From b5c7f91e5a24b334162bf4798e0a130044fcdcf9 Mon Sep 17 00:00:00 2001
From: teastep <teastep@fbd18981-670d-0410-9b5c-8dc0c1a9a2bb>
Date: Thu, 13 Feb 2003 14:59:34 +0000
Subject: [PATCH] Run user init script before stripping files; improve comment
 in hosts file

git-svn-id: https://shorewall.svn.sourceforge.net/svnroot/shorewall/trunk@445 fbd18981-670d-0410-9b5c-8dc0c1a9a2bb
---
 Shorewall/firewall | 6 +++---
 Shorewall/hosts    | 4 ++--
 2 files changed, 5 insertions(+), 5 deletions(-)

diff --git a/Shorewall/firewall b/Shorewall/firewall
index d7cf77801..5104bda3f 100755
--- a/Shorewall/firewall
+++ b/Shorewall/firewall
@@ -3343,12 +3343,14 @@ initialize_netfilter () {
     determine_interfaces
     determine_hosts
     
+    run_user_exit init
+
     #
     # The some files might be large so strip them while the firewall is still running
     # (restart command).

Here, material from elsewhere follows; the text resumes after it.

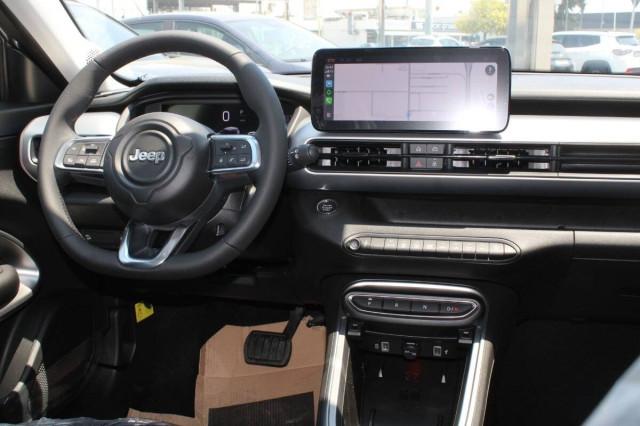 Jeep Avenger 1.2 t. e-hybrid Summit fwd 110cv AUTO con CarPlay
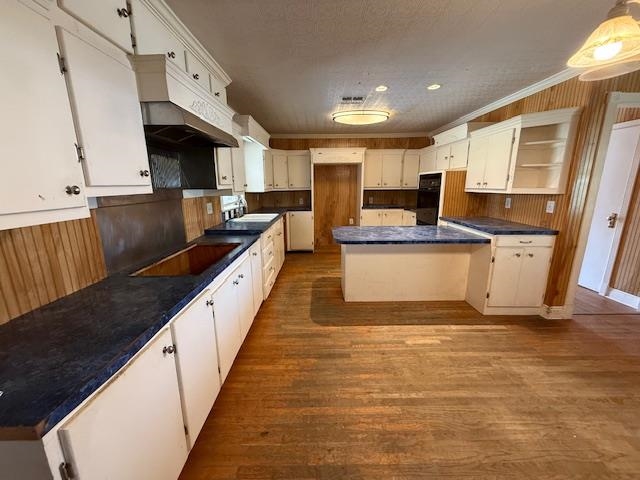 225 North Van Avenue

This reduces the length of time that the firewall isn't
     # accepting new connections.
     #
-
+ 
     strip_file rules
     strip_file proxyarp
     strip_file maclist
@@ -3366,8 +3368,6 @@ initialize_netfilter () {
 
     [ -n "$CLEAR_TC" ] && delete_tc
 
-    run_user_exit init
-
     echo "Deleting user chains..."
 
     setpolicy INPUT DROP
diff --git a/Shorewall/hosts b/Shorewall/hosts
index bd9a73b9d..1b8b2f00c 100644
--- a/Shorewall/hosts
+++ b/Shorewall/hosts
@@ -19,8 +19,8 @@
 #		  either:
 #
 #			a) The IP address of a host
-#			b) A subnetwork in the form
-#			   <subnet-address>/<mask width>
+#			b) A subnetwork in CIDR format
+#			   (<subnet-address>/<mask width>)
 #		  
 #		  The interface must be defined in the
 #		  /etc/shorewall/interfaces file.